Rockville City Council Lowered Building Size on Pike in 1988

As we’re contemplating a new Rockville Pike Plan, it’s always useful to step back in time to see how decisions were made in the past and created the community we live in today.

In 1988, the Rockville Mayor and Council dramatically lowered the height of buildings along the Rockville Pike, rejecting the advice of the planning commission for improving the “traffic-choked corridor.”  After six years of study (sound familiar?), the Planning Commission recommended reducing the maximum building size from 200,000 square feet (sf) to 35,000 sf for a 100,000 sf parcel but would allow up to 300,000 sf (a bonus) if developers provided certain community amenities, such as pedestrian bridges, plaza areas, and day care centers.  The City Council accepted the lower size but rejected the bonus, effectively decreasing the size to one-sixth of what was currently allowed.  Mayor Doug Duncan believed it would, “keep the retail strength of the plan. . .large office buildings [are] not in the interest of the community.” Planning Commission Chair Richard Arkin countered that “without the bonus system, the plan would lead to more small, unattractive shopping strips and few of the kinds of amenities that could transform the pike into an attractive road that is accessible to pedestrians.”  Now that 25 years have passed, what was the result of their decisions?  Who was more prescient?
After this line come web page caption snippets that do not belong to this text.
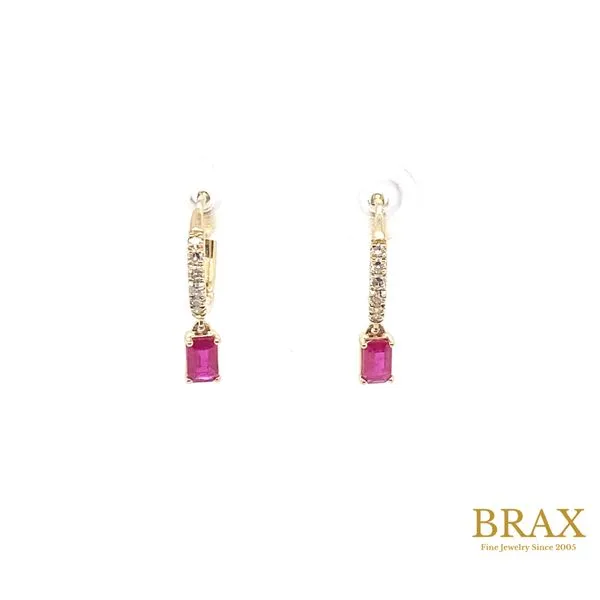 0.12 Lady's Huggie Colored Stone Earrings 10 Karat Yellow Gold 58728TSERRBYG-OC - Brax jewelers Brax Jewelers Newport Beach, CA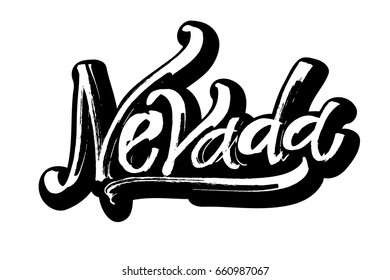 Nevada. Sticker. Modern Calligraphy Hand Lettering for Serigraphy PrintLas Vegas.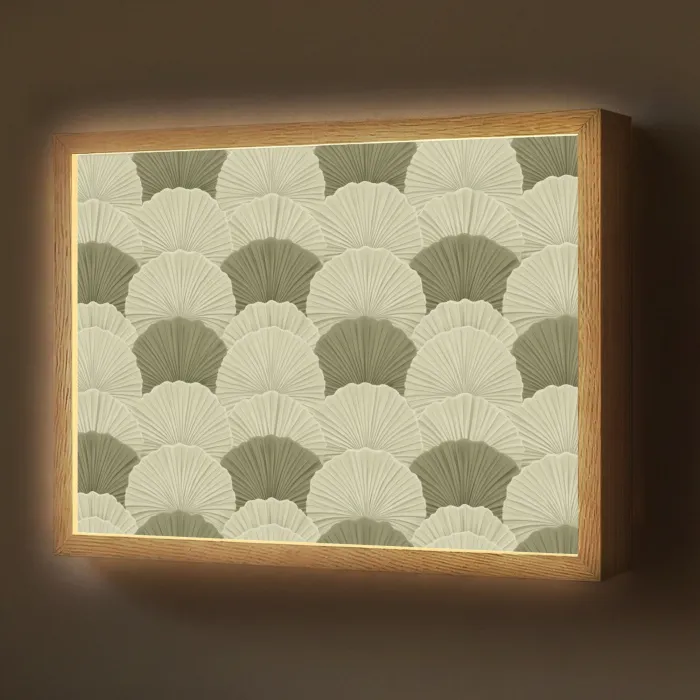 Bladeren - Structuur - Groen Light Box met batterij (Wandlamp) middel 907 -z3d_website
If you’d like to learn more about this topic, read the entire story, “Building Curbs Supported for Rockville Pike” from the April 28, 1998 issue of the Washington Post.

One response

  1. Max,
    Glad you raised this question. I was on the Council during that period and supported the 1989 Pike Neighborhood Corridor Plan. The answer to your question depends on what kind of community’s we want today and into the future. As you indicated, we were attempting to keep the Pike more consumer retail oriented. There was a proposal at that time to tear down The 3 Congressional Plazas in order to build a corporate anclave that would contain 5 thousand jobs and a monorail to the future metro.

    At a Planning I Commission meeting last year, Roger Lewis, urban architect, said, in answer to a question, that under the proposed Pike Plan, all the current consumer friendly retail would disappear to be replaced by coffee shops and other office building retail.

    So the basic question still is what kind of Pike best suits Rockville residents in the future. Without the sales tax, future property taxes from the Pike may not cover future costs born by the city. So who really benefits from a new Pike Plan?